Brazil panel reviews online betting regulation, consumer protection, and the gap between licensed and illegal operators
At the XIV Forum of Lisbon, industry executives, lawyers, and sports officials reviewed how Brazil’s online betting regime is working in practice. The useful bit for PSPs is not the panel itself; it is the split it drew between licensed operators that now have compliance and player-protection controls, and offshore platforms that do not.
- The panel, titled “Jogos Eletrônicos e Apostas Online: Balanço dos Resultados Regulatórios”, took place on Tuesday (2) at 9h during the XIV Forum of Lisbon, which this year focused on “Nova Ordem Internacional, Tecnologia e Soberania: Desafios democráticos, econômicos e sociais.”
- Participants included Fernanda Meirelles; Pietro Lorenzoni, lawyer and professor at the Instituto Brasileiro de Ensino, Desenvolvimento e Pesquisa and the Associação Nacional de Jogos e Loterias; Alexandre Fonseca, CEO of Superbet; Guilherme Figueiredo, Director of Public Affairs at Betano Brasil, Kaizen Gaming; Michelle Ramalho, vice-president of the Confederação Brasileira de Futebol and Federal Councillor of the Ordem dos Advogados do Brasil; and Bárbara Teles, Head of Compliance at Playtech Brasil.
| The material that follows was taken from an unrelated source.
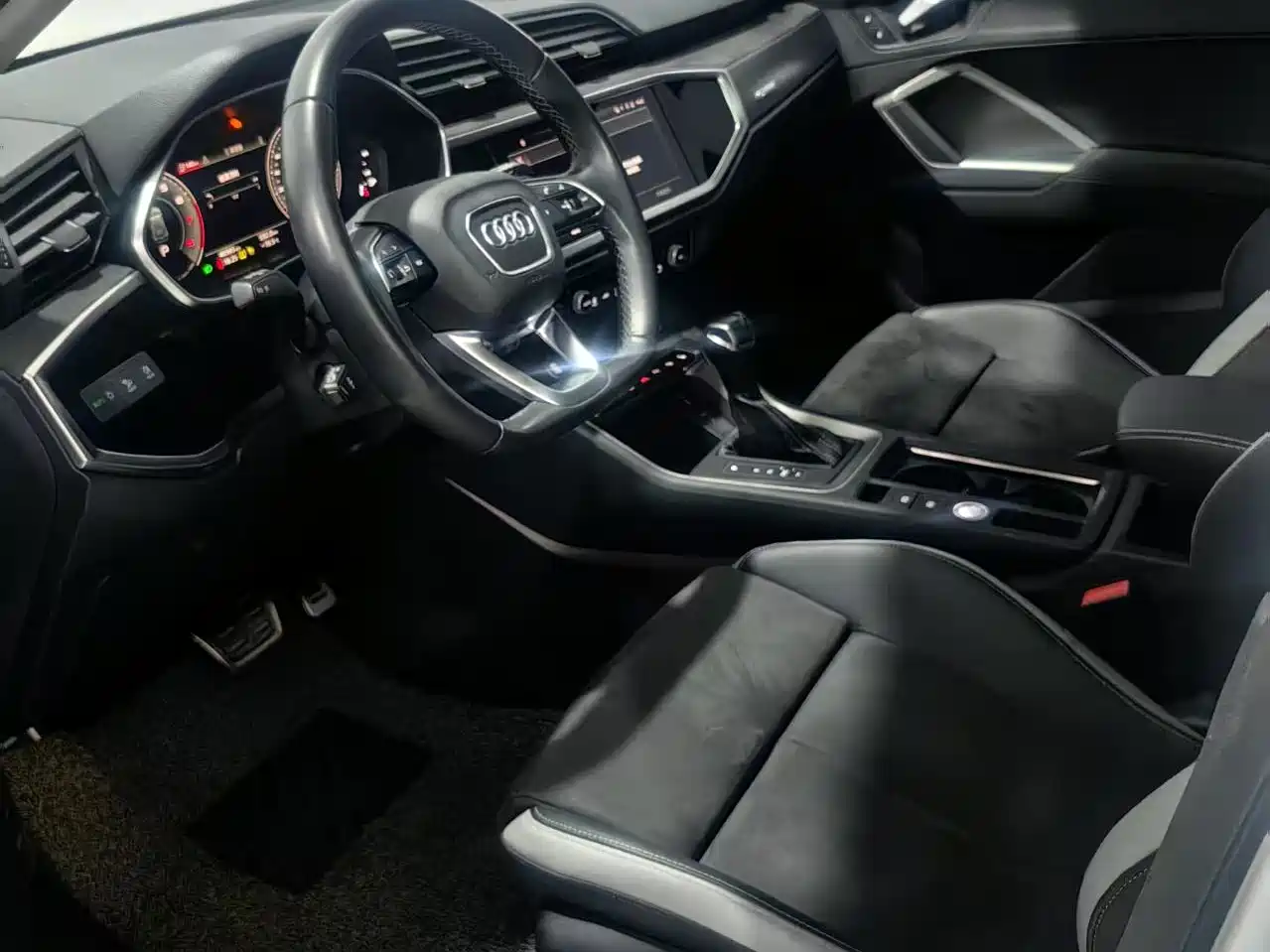 Audi Q3 2022 35 TFSI Fashion Dynamic фото 11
Rafael Lima moderated.
- The discussion focused on consumer protection mechanisms introduced by regulation: responsible gaming tools, bettor profiles, the impact of sponsorships on Brazilian sport, and financial restrictions intended to prevent debt. The panel also drew a clear line between licensed operators and platforms that continue to operate illegally.
- Fernanda Meirelles said the betting market did not begin with regulation. In her words, “the regulation did not create the market.” She added that millions of Brazilians were already betting on offshore platforms, but without supervision, oversight, or protection, and said the state’s role was to create rules, give institutional visibility to an existing market, and turn the bettor into a consumer.
- Licensed betting platforms in Brazil now use monitoring systems that track user behavior from first access. According to the discussion, these systems look for patterns that may indicate vulnerability; when risk is detected, the platforms apply mandatory pauses and reflection periods. In high-risk cases, companies can suggest self-exclusion.
For high-risk payment providers, the practical takeaway is simple: Brazil’s regulated market is now being described in compliance terms, not just commercial ones. That affects onboarding, transaction monitoring, and the ongoing distinction between licensed local operators and offshore traffic.